Over the last year or so, I’ve taken to using #WWJD when tweeting responses to ridiculous, hateful political things I read online. For those of you who don’t know, it stands for What Would Jesus Do? It was a thing a few years ago, perhaps a way for the faithful to encourage one another to make the right choices, or maybe for some self-righteous people it was a way to condescend to the less pious. Either way, it was memorable and to the point.

Syrian refugees

Syrian refugees (perhaps ones denied refuge in one of the Bible Belt states)
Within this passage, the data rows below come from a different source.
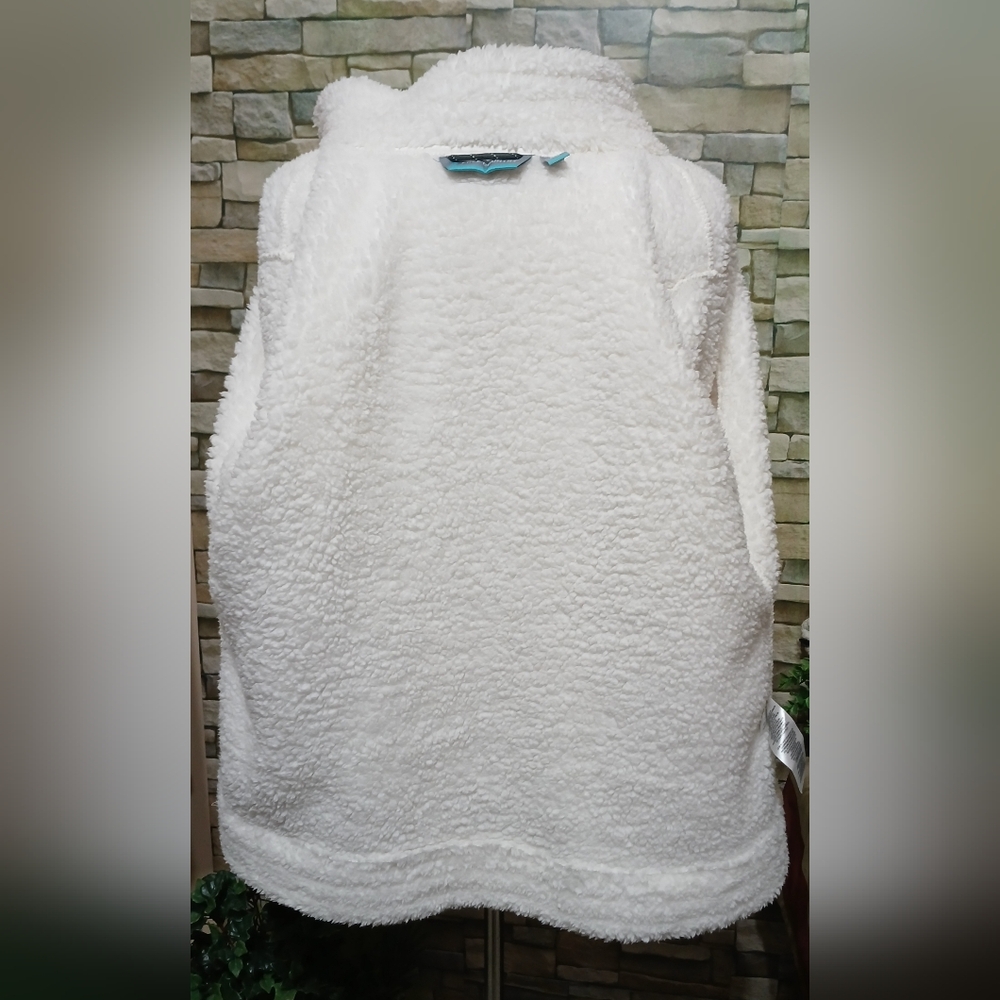 Free Country Sierra Butter Pile II Womens Teddy Faux Fur Full Zip Jacket XL - Picture 4 of 8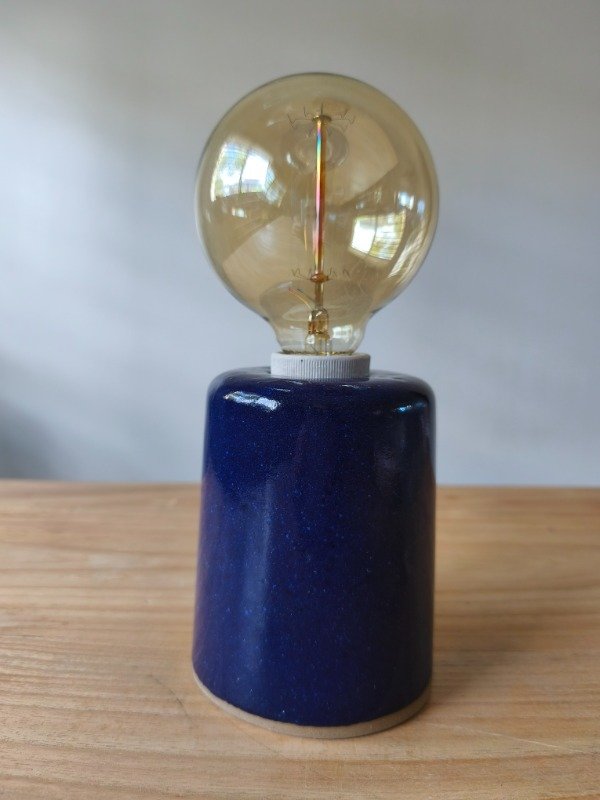 Producto - Lámpara gres azul profundo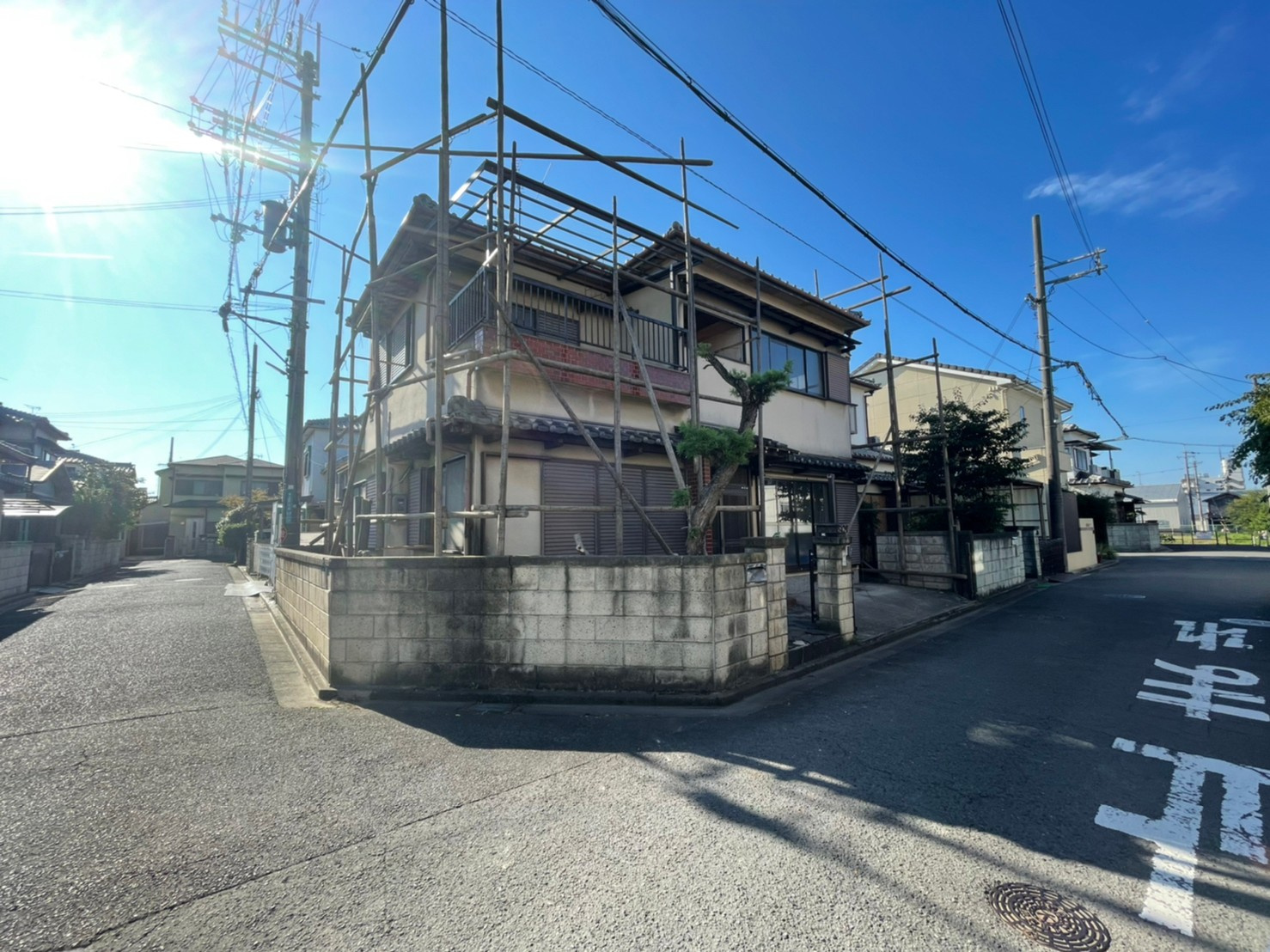 【解体工事】岸和田市箕土路町角地の解体工事が始まりました(^...の画像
So, when I see people post with approval some of the terrible things conservative politicians say that are the exact opposite of what a loving, caring, benevolent person (like Jesus) would do, I find that #WWJD is a good thing to bring back up. And yes, I use it somewhat to be snarky but also to try to do the first thing I said above – to remind folks who claim to be Christian that the thing they support (like, say, presidential candidates unanimously saying “no” to Syrian refugees), is actually, most likely NOT the thing that Jesus would do.

One of my best and oldest friends asked me recently why I do what I do; that is, why I choose to be active in civic engagement and political discourse and, many times, outspoken on things I care about. I told him the answer is simple: I do it because I believe that my job as a Christian (or simply as someone who cares about my fellow humans) is to stand up for justice and be a voice for those who might need one. I’ve always felt that it is the duty of good, loving people to speak out for those who are the victims of injustice or suffering of any sort, and if possible, to fight at the highest levels for public policies that protect those who are most vulnerable from those who are most powerful. And even though my father is a retired Southern Baptist preacher, I am no theological scholar (and have even strayed to the United Methodist Church). But any kid who was dragged to Sunday School every week growing up ought to remember that, above all, God is love. And while Jesus walked the Earth, he was probably more of a Bernie Sanders (speaking out against the rich and comfortable and self-righteous while standing alongside the poor, huddled masses, including refugees and outcasts (not sure if he waved his hands around when he spoke)) than a Ted Cruz (trumpeting his religiosity for the sake of political gain while spewing hate towards poor people and immigrants).

Given my recent use of #WWJD, I was inspired by a great post by Stephen Mattson over at the Sojourners blog. His title says it all: Social Justice is a Christian Tradition, Not a Liberal Agenda. Here’s a blurb:

Many Christians are wary of participating in social justice because of a deep-rooted fear of being labeled “liberal,” “progressive,” or “secular.” They don’t want to be associated with “secular” movements, and are uncomfortable delving into issues that go beyond their cultural comfort zones.

But the Bible tells us that Jesus cared deeply about the social causes around him. …

He intentionally, purposefully, and passionately addressed very specific causes. He radically addressed the diverse and complicated conflicts of the time and shattered the status quo. …

That’s why the New Testament goes into great depth detailing the newfound worth given to the Gentiles, slaves, and women. These countercultural instructions to believers were radically progressive, to the point where the gospel writers had to put them in writing to make sure they were implemented within the newly formed church. …

By acknowledging and actively participating in the #blacklivesmatter movement, addressing racism, immigration, gender equality, and a litany of other issues, you are following in the steps of Jesus.